Removing themselves away from the tropical island setting, Ubisoft have attempted to reboot the series by placing you in the shoes of an international agent tasked with tracking down an arms dealer known as The Jackal. Based in Africa, The Jackal has been supplying both sides in a bloody civil war and has left a trail of destruction across the whole continent.
An early run in with him leaves you running for your life, eventually being dragged to safety by one of the local militia. After recovering, they give you a gun, a car and a mission and you are set on the way for revenge somewhere on the other side of the map. And that is Far Cry 2 in a nutshell: a series of missions, setup by dubious characters, with mostly suspect aims, that require you to drive great distance to shoot someone for someone else.

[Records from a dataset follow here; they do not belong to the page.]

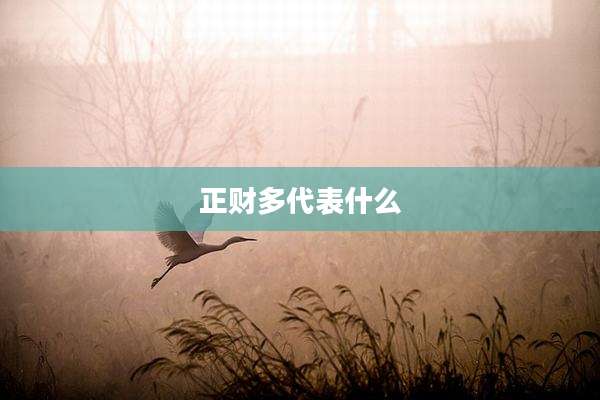 正财多代表什么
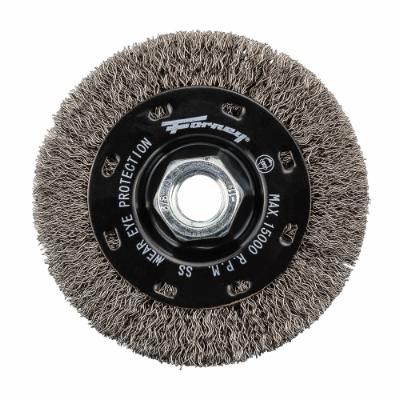 COMMAND PRO WIRE WHEEL, CRIMPED, STAINLESS STEEL, 4 IN X .014 IN X 5/8 IN-11 ARBOR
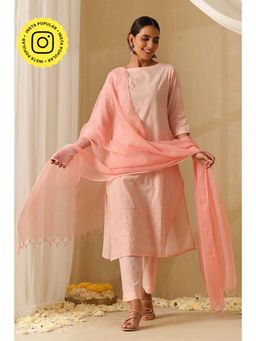 Okhai - Parveen Chikankari and Mukaish Work Pure Cotton Kurta Pant Set with Dupatta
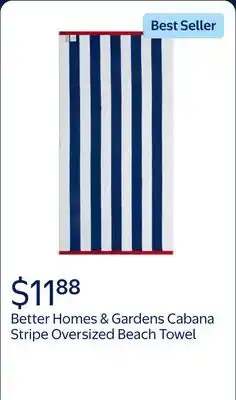 Walmart Better Homes & Gardens Cabana Stripe Oversized Beach Towel, Blue and Red offer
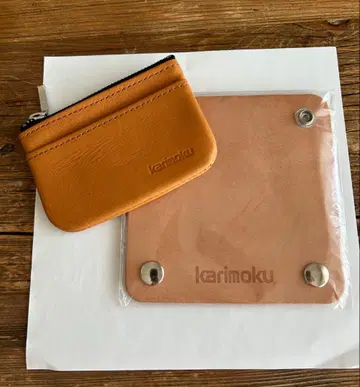 karimoku 가죽 코인 케이스 & 핸들 커버 카멜
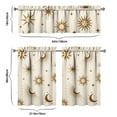 thumbnail image 6 of Kitchen Curtains 36 Inch Short - 3 Panel Set, Gothic Celestial Sun and Moon Print, Mystical Starry Night Astrology Aesthetic, Rod Pocket Window Curtain, Easy Wash, 6 of 6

Whilst the plot may not win awards for originality, it does offer an excuse to take the adventure through various African inspired environments. The scope of your world is huge, taking almost twenty minutes to drive from one edge to the other, and the trail leads through lush forests, grassy plains and harsh ravines, each offering more than a change of scenery. Combat in a forest offers the ability to sneak through the undergrowth, applying Rombo-like skills to take down mercenaries, whereas the dry, grassy plains are far more susceptible to bush fires, meaning a well placed Molotov can make short work of adversaries.

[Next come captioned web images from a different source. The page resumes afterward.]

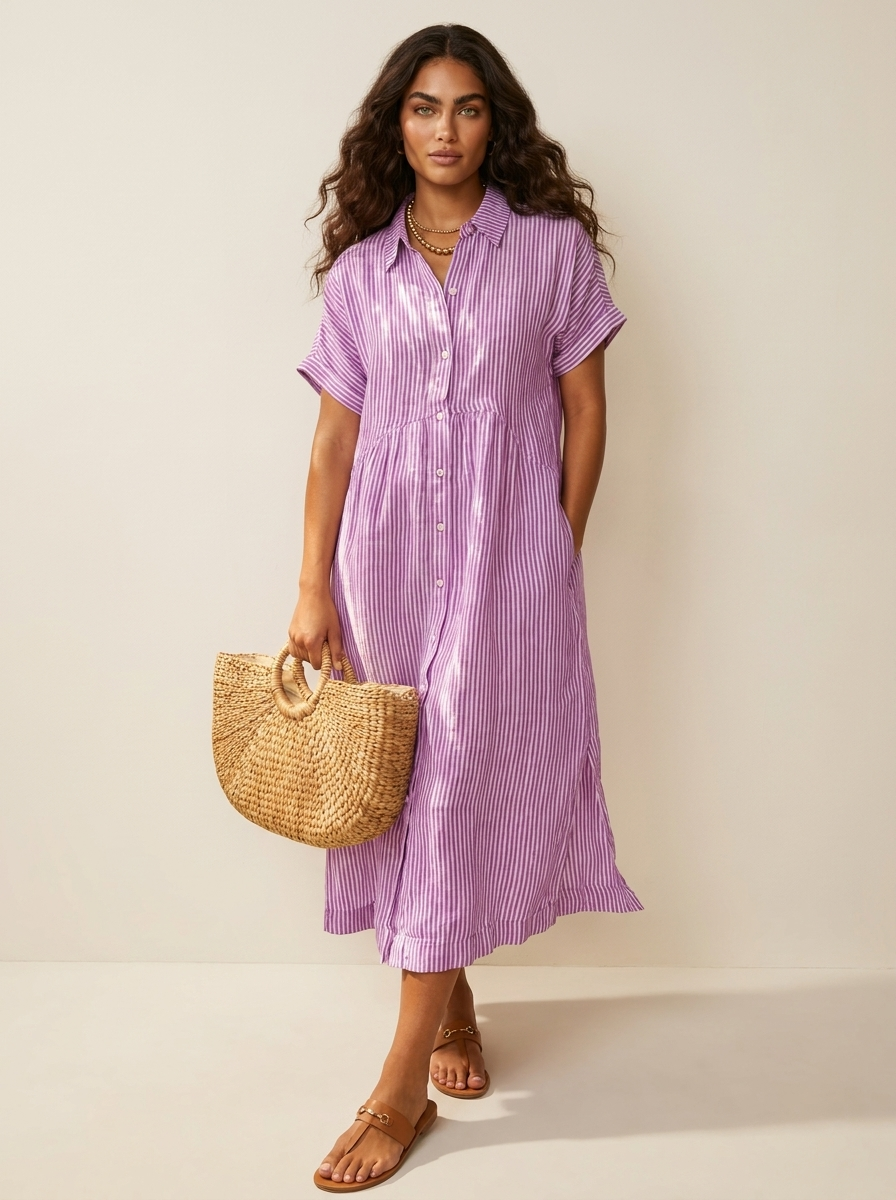 Gestreepte midi blousejurk - Livia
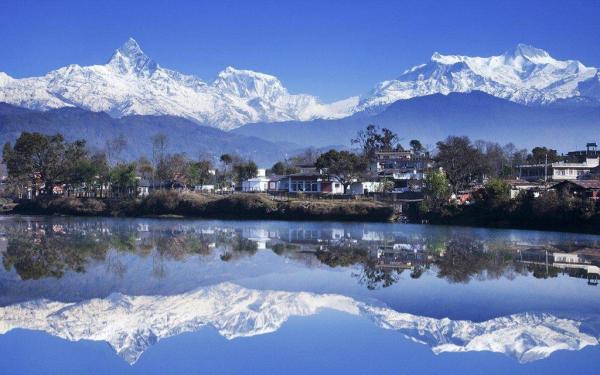 Lakeside setting in Pokhara, Nepal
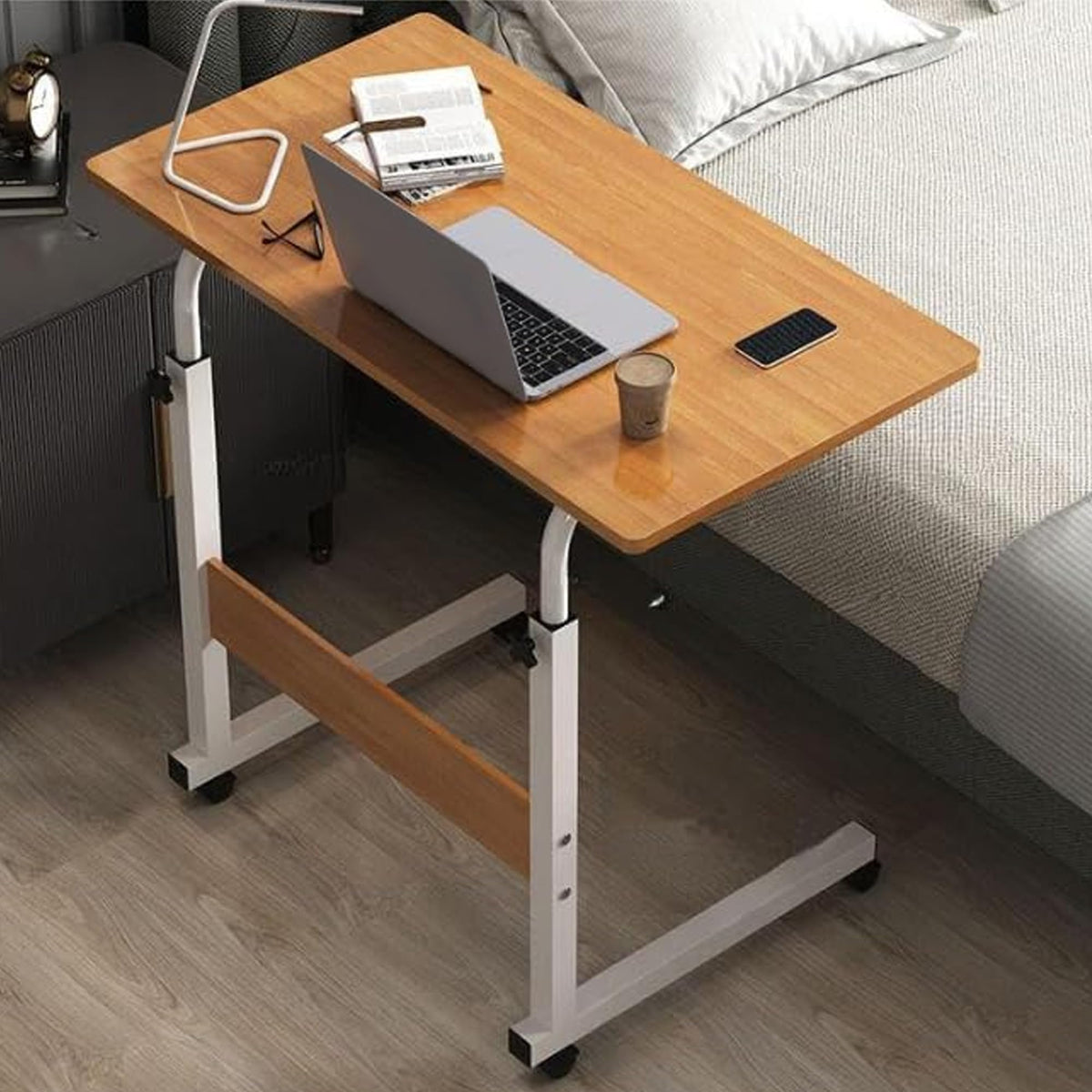 SAVYA HOME Manual Height Adjustable Study Table for Adults, Students, Kids | Portable Table, Computer Table| Office Table for Work from Home, Bed Study Table | 80 * 40 cm, Walnut,1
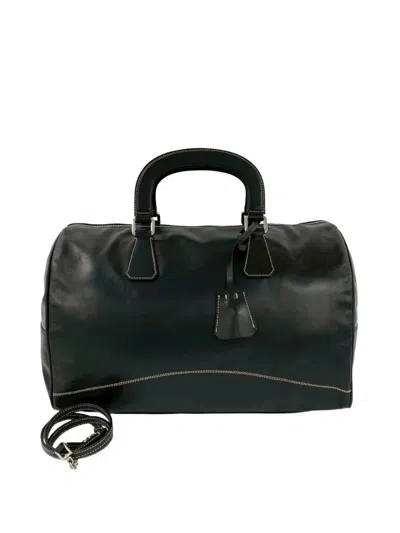Pre-owned Prada 2000-2013 Soft Calf Boston Bag Satchel In Black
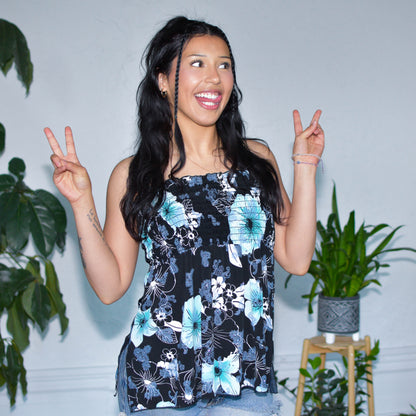 Vintage Y2K Blue Floral Blouse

You need to be adept, too, as if ever there was a game that would, if it could, make you eat worms, it is Far Cry 2. Nobody in this game likes you, in fact everybody pretty much hates you. If the person you meet is not behind a shop’s counter then it’s a sure fire bet they will either try and ram you off the road or draw a gun in your general direction. Roads have checkpoints at regular intervals stocked with resistance and even on long, empty stretches a jeep with a mounted gun is a common sight.
Gunplay is good, although a little floaty, and is let down by weapons developing the tendency to jam at crucial points the more you use them. As amusing as this sound, when I burst around a corner to take down a man who has been waving a shotgun at me then I expect to hear more than a “click” followed by him releasing both barrels into my chest. I do believe it is an interesting mechanic and one that could be explored but there is no indication as to how likely any individual weapon is likely to exhibit this frustrating habit. Supposedly it is how battered and weather beaten a gun is but as they all seemingly start out as default shade of brown its not entirely clear.

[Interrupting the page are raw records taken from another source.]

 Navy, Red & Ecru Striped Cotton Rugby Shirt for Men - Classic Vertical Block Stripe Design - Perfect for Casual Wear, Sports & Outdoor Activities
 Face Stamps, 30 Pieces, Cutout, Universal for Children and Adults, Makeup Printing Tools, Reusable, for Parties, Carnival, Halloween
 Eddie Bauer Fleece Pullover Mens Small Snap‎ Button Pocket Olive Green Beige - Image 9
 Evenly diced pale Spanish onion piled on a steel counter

Second on my list of annoyances is the onset of malaria episodes. Again, at random, you can succumb to a bout of dizziness where you vision is blurred and defending yourself is out of the question. It’s place in the game seems only to serve as a conversation starter for NPCs who generally tell you that you don’t look well.
Overall, though, the game does produce a proper African adventure. At times you can travel for miles through the country’s criss-crossing road system and although you may wish for a fast transport system ala Fallout, I can think of a lot worse ways to get around. The scenery is interesting and the chance that you could stumble upon a stash of diamonds means you have as much attention focused on your GPS as you do the road.
Like so many sandbox games, Far Cry is more than the sum of its parts. The missions may be simple, the handling average and the random quirks irritating, but the ability to jump into a jeep and drive around the Serengeti in search of riches and bad guys is a powerful counterpoint.